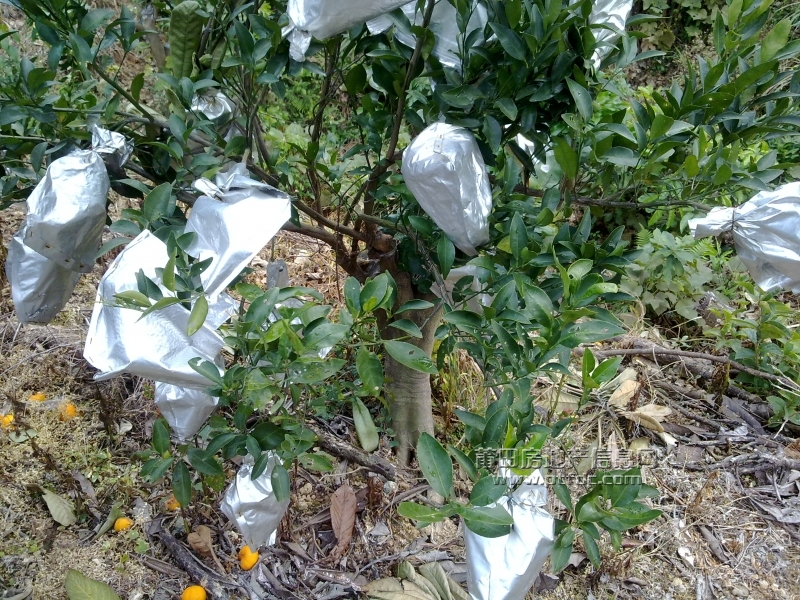 201112211412.jpg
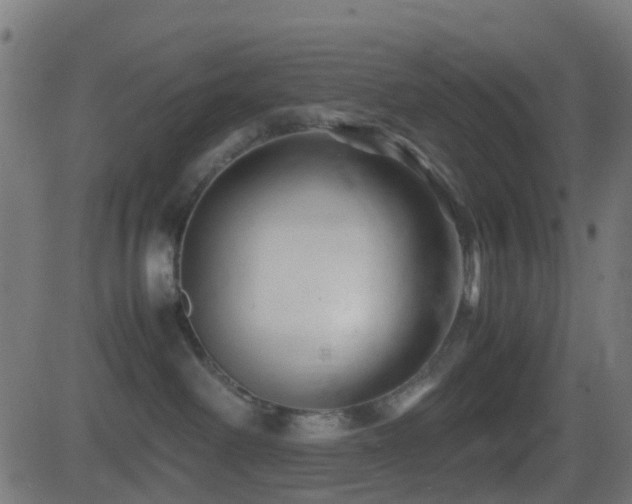 X0000081470238200701121427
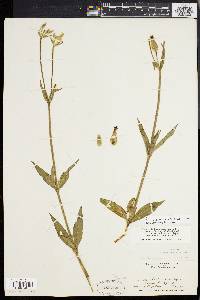 Silene latifolia image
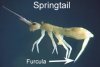 springtail.jpg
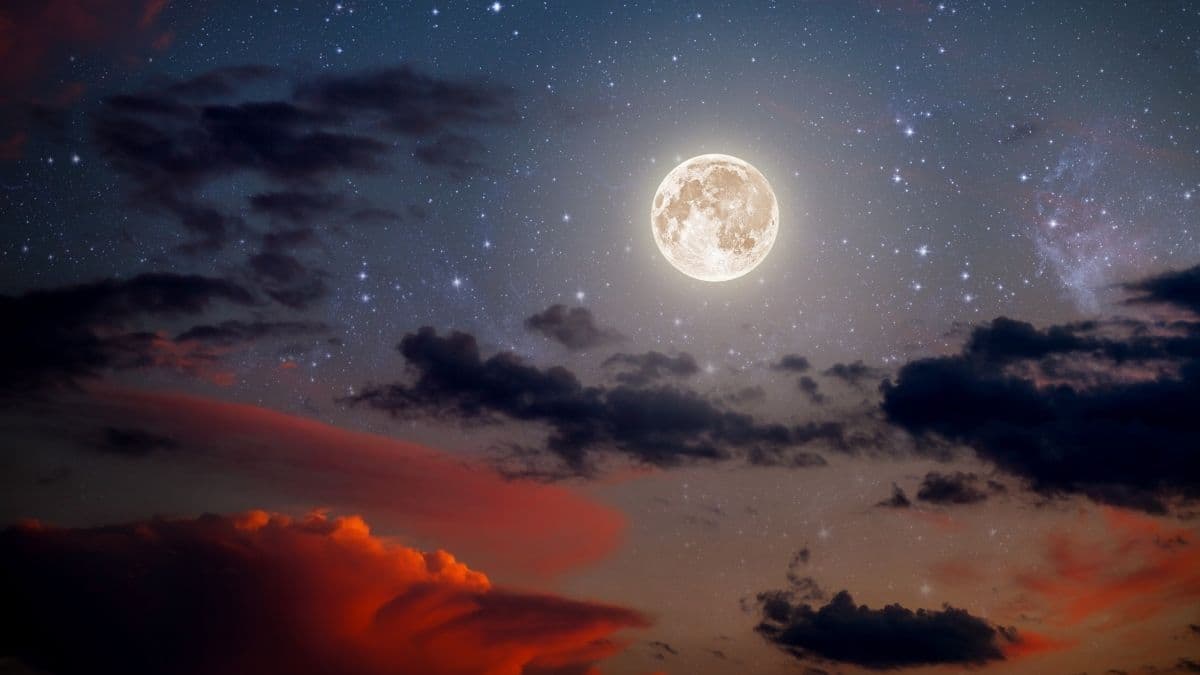 5 Xu Hướng Quản Trị Nhân Sự 2026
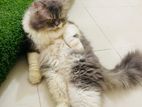 Parsian Adult Male Cat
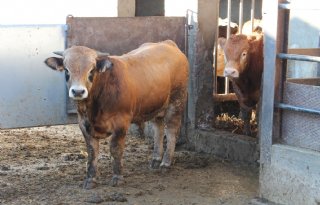 Eerste beperkingszone in zuiden Frankrijk opgeheven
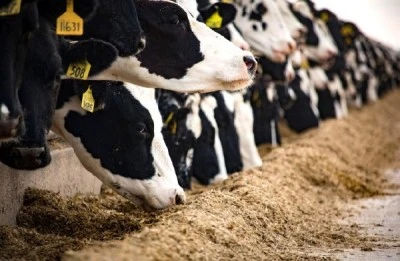 CHP'li G&uuml;rer: Yapay et hayvancılığı bitirir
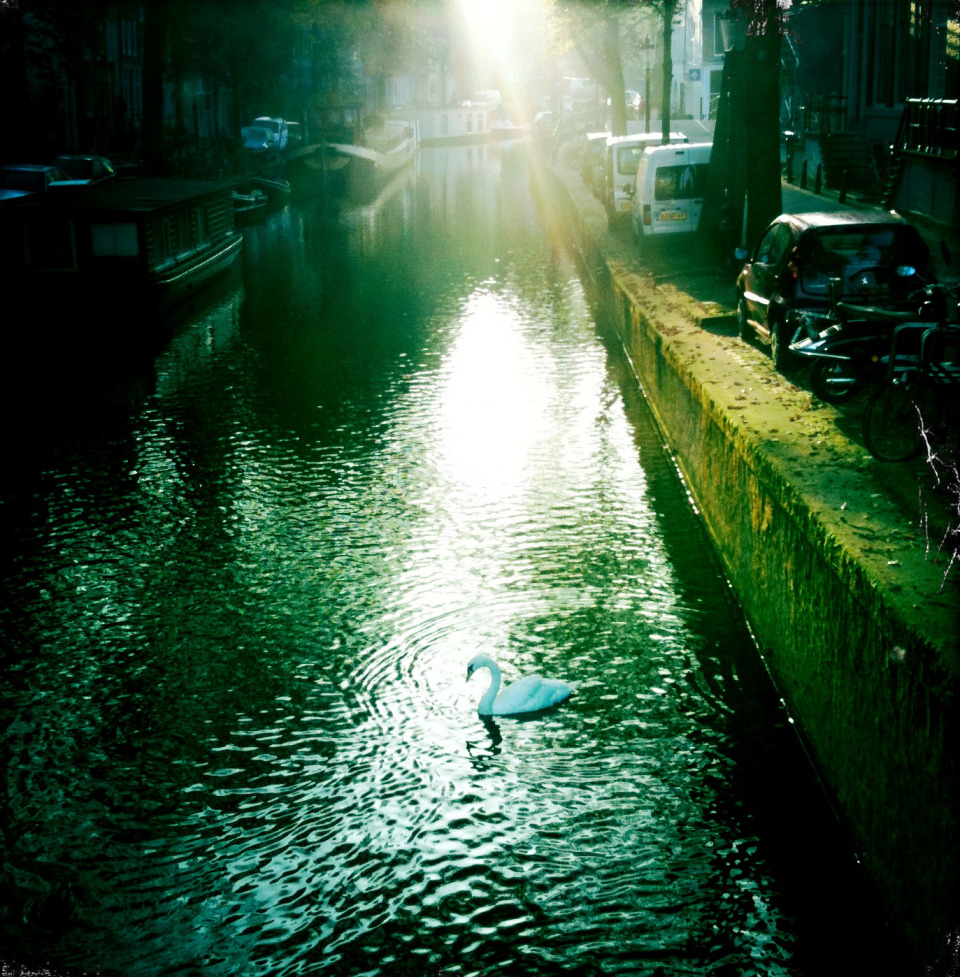 september light swan amsterdam canal 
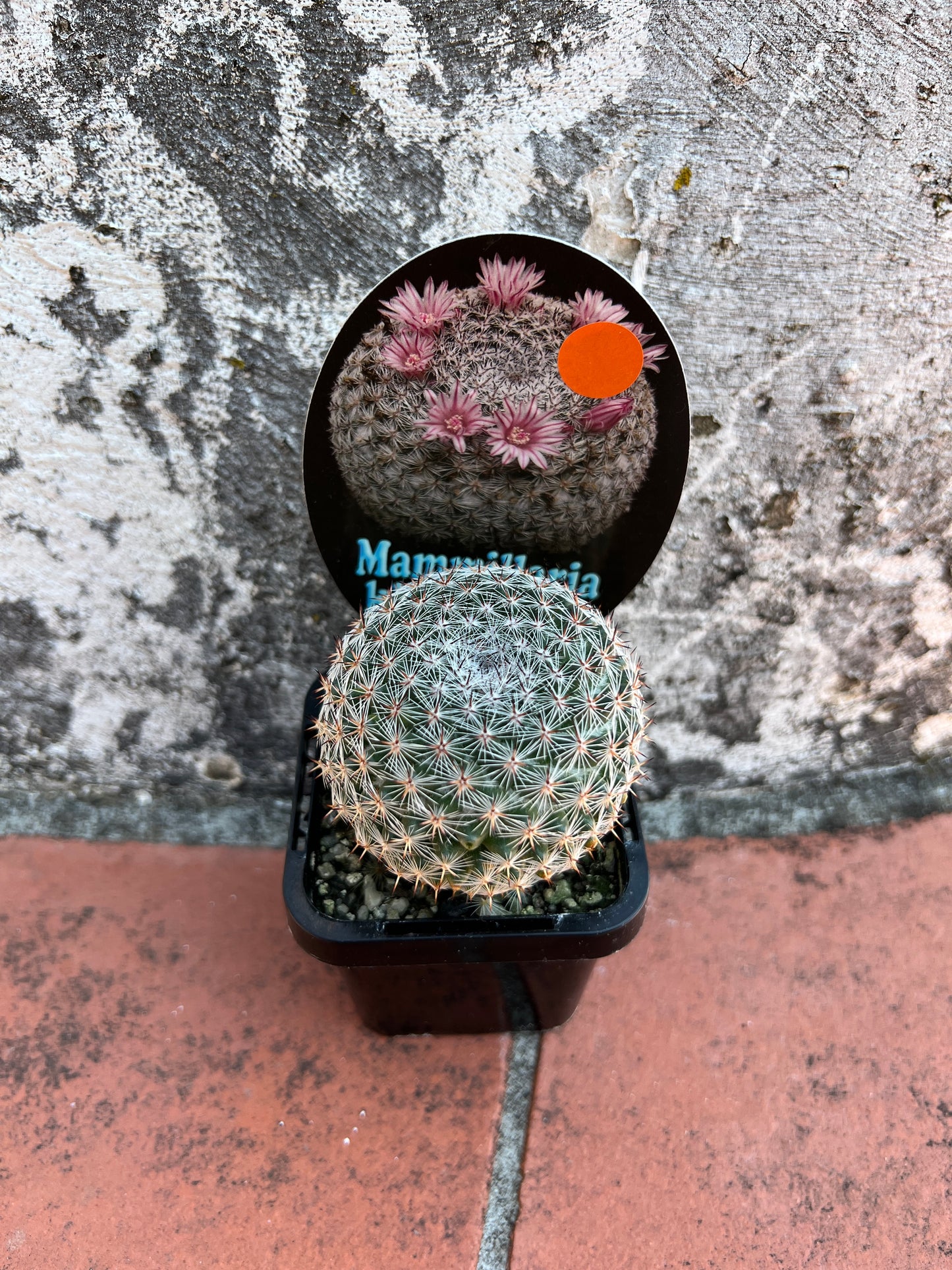 Mammillaria klissingiana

++++

## EXERCISE DIRECTIONS
Produce the data again character for character, with the images left out.

## EXPECTED ANSWER
 201112211412.jpg
 X0000081470238200701121427
 Silene latifolia image
 springtail.jpg
 5 Xu Hướng Quản Trị Nhân Sự 2026
 Parsian Adult Male Cat
 Eerste beperkingszone in zuiden Frankrijk opgeheven
 CHP'li G&uuml;rer: Yapay et hayvancılığı bitirir
 september light swan amsterdam canal 
 Mammillaria klissingiana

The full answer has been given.